The Digital Transformation Agency has shut down the federal government’s Digital Marketplace in preparation for its merger with the BuyICT procurement platform.
Access to the standalone SME-focused buying portal was closed off on Tuesday, with accounts and data to "migrate and merge" to the DTA's BuyICT over the coming days.
The marketplace will become part of the DTA’s BuyICT – an umbrella platform that brings together all of the government's ICT procurement schemes – next Monday.
“We are in the middle of moving your Digital Marketplace account and data over to BuyICT,” a notice on the website states.
The DTA revealed plans to merge the marketplace with BuyICT in March, a move it said would “benefit users” by requiring only a single log-in to access multiple procurements.
A range of “enhancements and new features” on BuyICT will follow the merger, including request for quote opportunities closing early if all sellers have responded.
Other changes will align the platform more closely with traditional tendering portal by renaming ‘ask the market’ as ‘request for information’.
“We made these changes in response to extensive user research and testing, as part of the government’s commitment to making digital sourcing simple, fast and compliant,” the DTA said.
Born from a digital specialists panel, the Digital Marketplace was established in 2016 to make it easier for SMEs to win government work as part of the Turnbull government’s innovation agenda.
But while the platform has improved speed to market and increased accessibility for SMEs to some extent, the share of contracts awarded to SMEs through the marketplace has been falling.
In August 2020, the share of contracts awarded to SMEs sat at around 70 percent, whereas it currently sits at only 61 percent.
Around $7.25 billion in contracts have been facilitated through the Digital Marketplace since August 2016 – $450 million more than in December 2021, and almost $1 billion more than in October 2021.

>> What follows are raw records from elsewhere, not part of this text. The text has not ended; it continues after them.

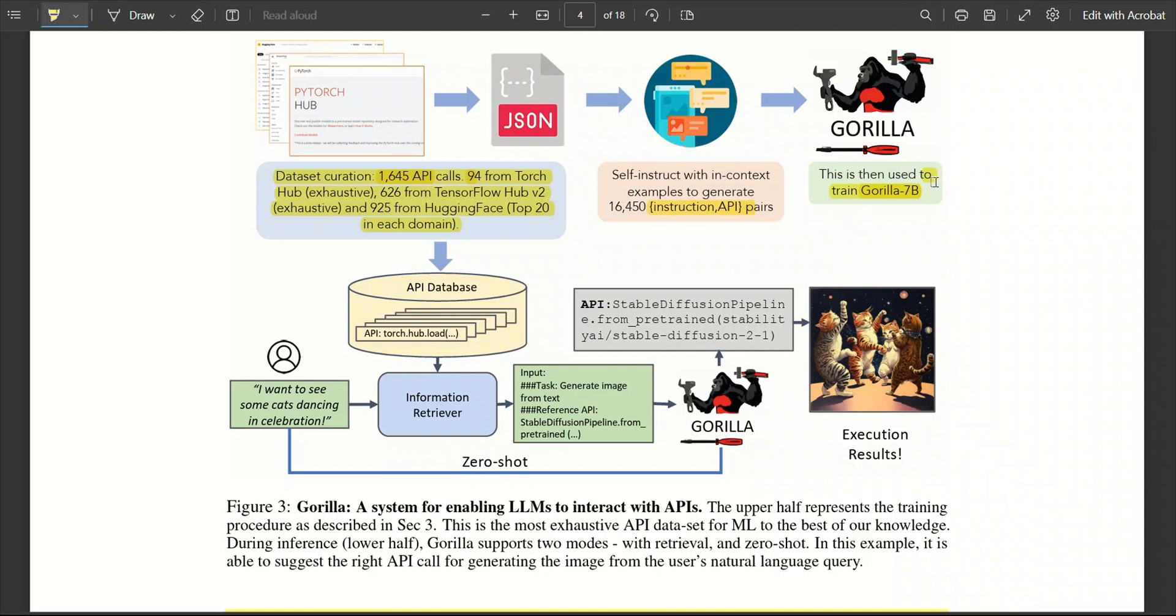Basically, Gorilla is an instruct fine-tuned model using the instruction and the corresponding API pairs. Now, interestingly, this data set was generated using GPT-4. For the rest of the process, they used information retrieval system.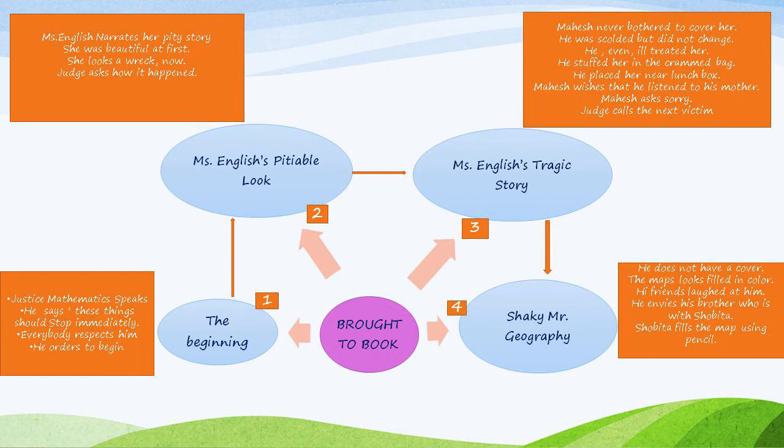The first victim is Miss English with a pitiable look. Miss English narrates her pity story. She was beautiful at her best, but she looks a wreck now. The judge asks how it happened and how she got into this state. Miss English narrates a tragic story.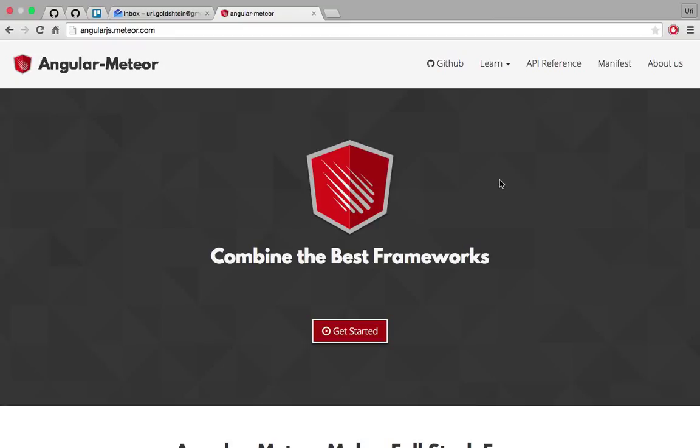Hello and welcome to Angular of Meteor, a library that combines AngularJS applications with Meteor applications.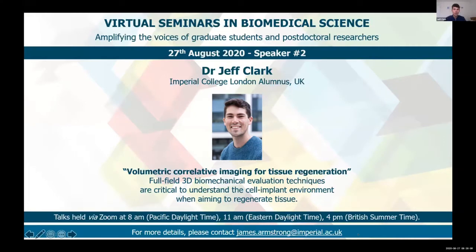The work that I'm going to present today is my PhD work, which I carried out and finished earlier this year, basically looking at micro-CT for tissue regeneration.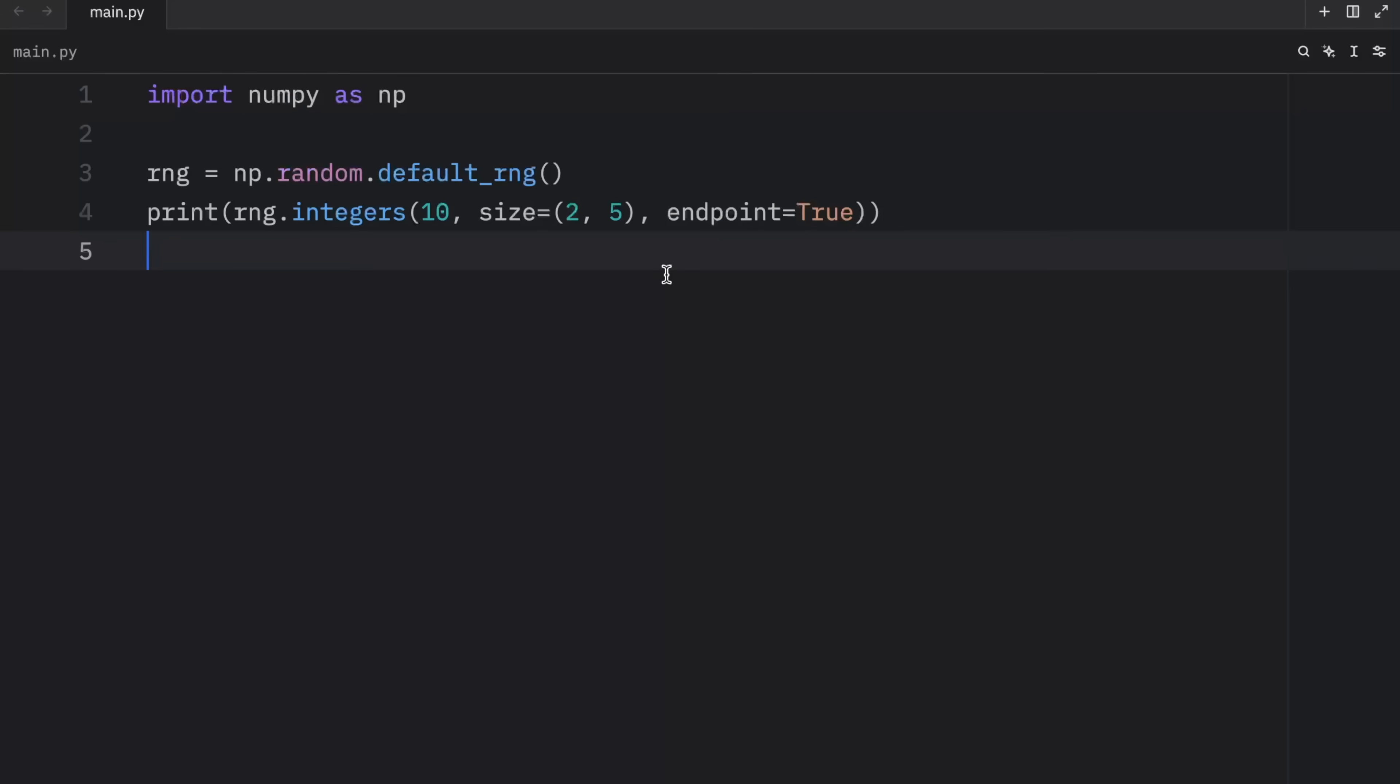I'm not going to dive any deeper into random number generation in this lesson though. I will create a dedicated lesson in the future.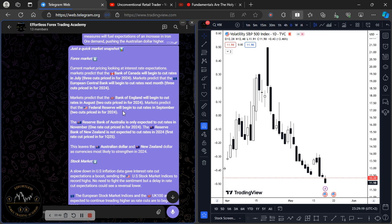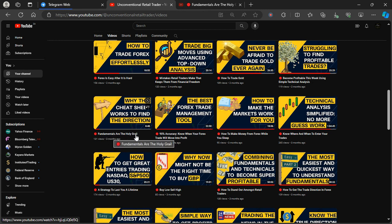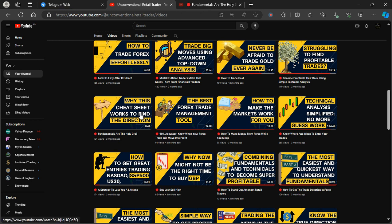Now, what I really wanted to share is that this is based on a video I did a couple of months back — specifically a video from three months ago titled 'Fundamentals Are The Holy Grail and Why This Cheat Sheet Works to Find the Direction.' That video included a currency ranking spreadsheet that could eliminate almost 50% of the work in identifying market direction.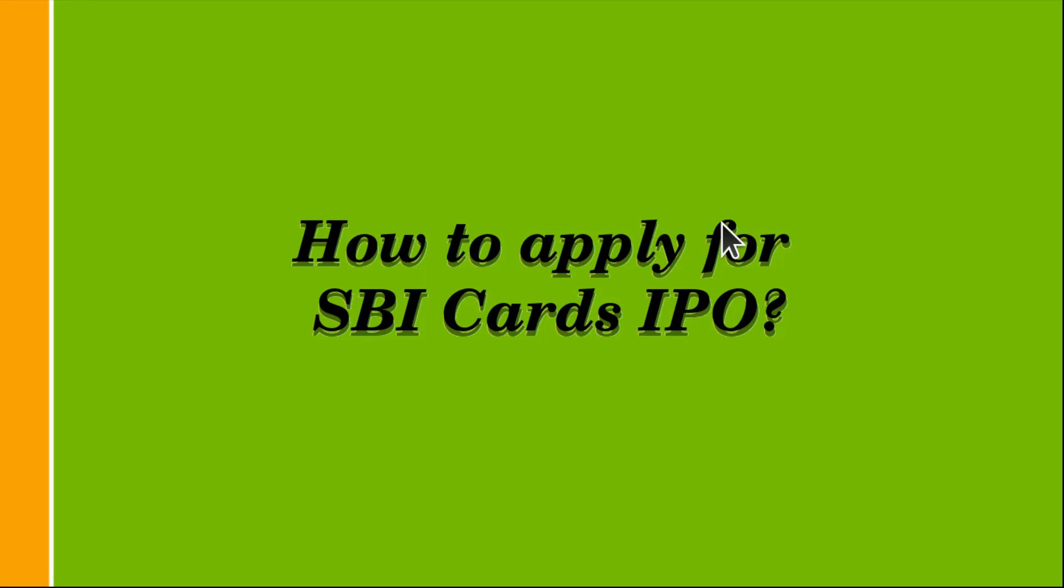Hello friends, my name is Gali Sarish. You are watching this video on my YouTube channel Financial Planner. In this particular video we would see how to apply for SBI Cards IPO.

As reported by iTnews, more than $3 billion was spent through the Digital Marketplace in the space of nine months last year, climbing from $3.4 billion in March 2021 to $6.8 billion in December 2021.
ICT labor hire accounts for 73 percent of contracts through the marketplace, according to the latest insights report for February 2022.
The incoming Labor government has pledged to reduce spending on private external labour by $3 billion over four years, with $500 million to be reinvested in the Australian Public Service.